Ingress Nginx Zero Downtime Configuration for AWS


I’m not clear on why this took me a few days to figure out. I suppose I was dealing with other requests as they came up, as is the job.

Now I wasn’t the person who installed most of our EKS ingresses, but I haven’t taken a ton of time to see how they were setup, or even to understand the inner workings of the controller itself. I just knew it ‘worked’, and that I had a ton of other things to think about. To be honest adding a new ingress has been mostly copypasta and changing a few items in the values file.

So we had decided that we needed to get away from non JSON logging for our ingresses. This made sense as whatever logging solution we use JSON will be much easier to deal with. The regex to take the default log line from the access logging for the out of the box configuration for ingress-nginx is just.. Gross. One thing off anywhere and the log line wont get parsed at all.

So that issue now fixed in our charts, I proceeded to slowly update our ingress controller deployments, all ~20 of them. I had done this before for other reasons, of course, so I didn’t think much about it. After a while I get a message on slack. Some critical service in one of our production clusters had been inaccessible for a full minute. Huh? Sure enough I go back and look at the timing and it was right when one of our ingress controller deployments was rolling. Cause found, but this wasn’t cool. After all, with HPA scaling controller pods up and down this would mean that randomly during the day some end users might be getting errors. The SRE hat came out and I started to dig into the problem.

So I went back to one of the lower environments, and setup a simple one liner in bash that curled an endpoint and gave me the result every second, showing status code and response time:

while :; do curl -o /dev/null -s -w "Status Code: %{http_code}, Time: %{time_total}\n" [URL]; sleep 1; done

So now I was ‘monitoring’ – I looked for the ingress this endpoint was on and found it’s deployment. A rollout restart should be a good way to see this issue. As the pods rolled, I saw the endpoint fail a few times, and a few other times it just took way too long to respond. Yeah – not good. This had to be fixed.
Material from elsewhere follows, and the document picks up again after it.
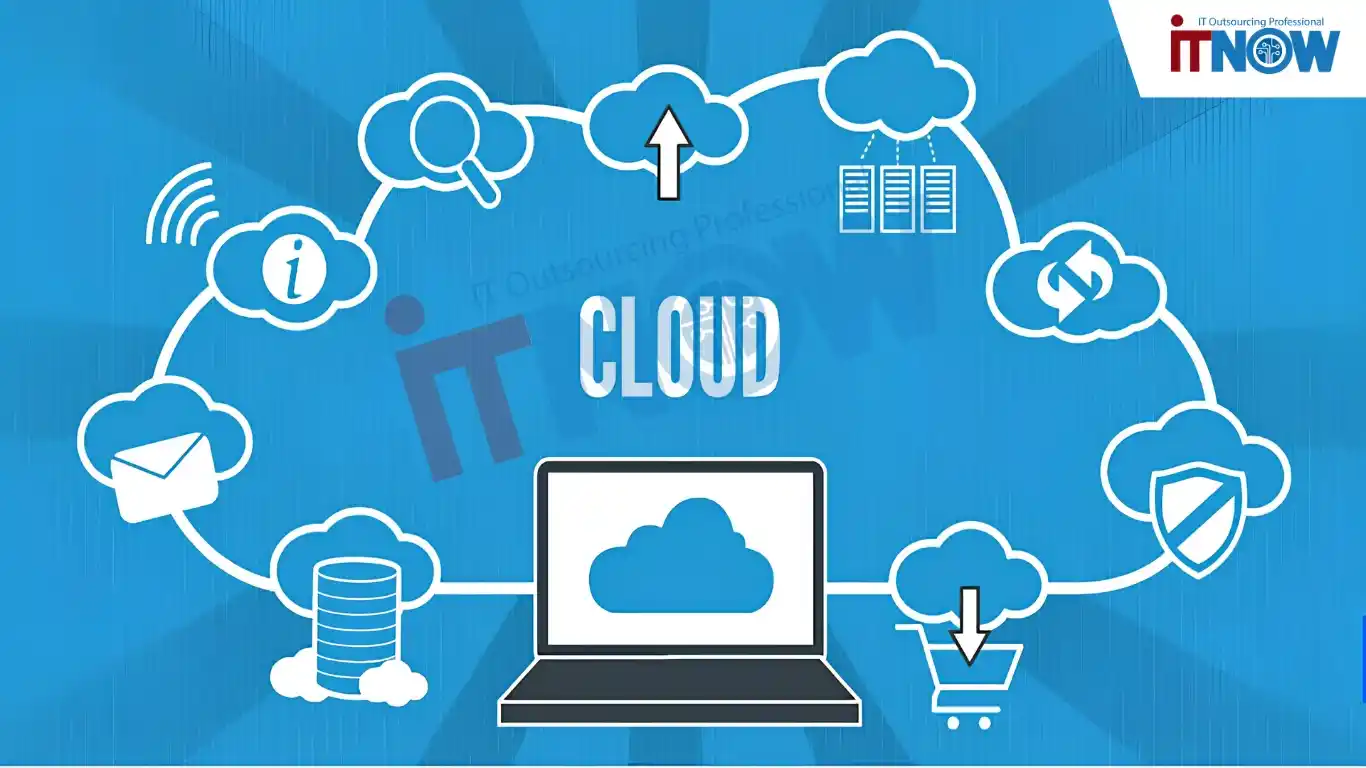 Quy Trình Cho Thuê Máy Chủ Cloud Hỗ Trợ Nâng Cấp Cấu Hình Linh Hoạt 3 Dịch vụ thuê máy chủ Cloud hỗ trợ mở rộng cấu hình nhanh chóng và tối ưu chi phí đầu tư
Now digging around, the docs for the ingress-nginx controller state somewhere that yes you will get some request failures on an upgrade/etc of the deployment. What I don’t see is any kind of examples to work around this, or charts that other folks have made to make this service bullet proof in AWS behind, say, a classic LB. Seems to me the point of K8S and an ingress controller is to be highly available in the first place, right? (Yes I should probably PR something in the docs to help out here)

I spent many hours trying various things, and even went so far as to dig in the kubernetes slack group. Turns out there are a number of things that can go wrong if you just use the chart for ingress-nginx with most of the default options.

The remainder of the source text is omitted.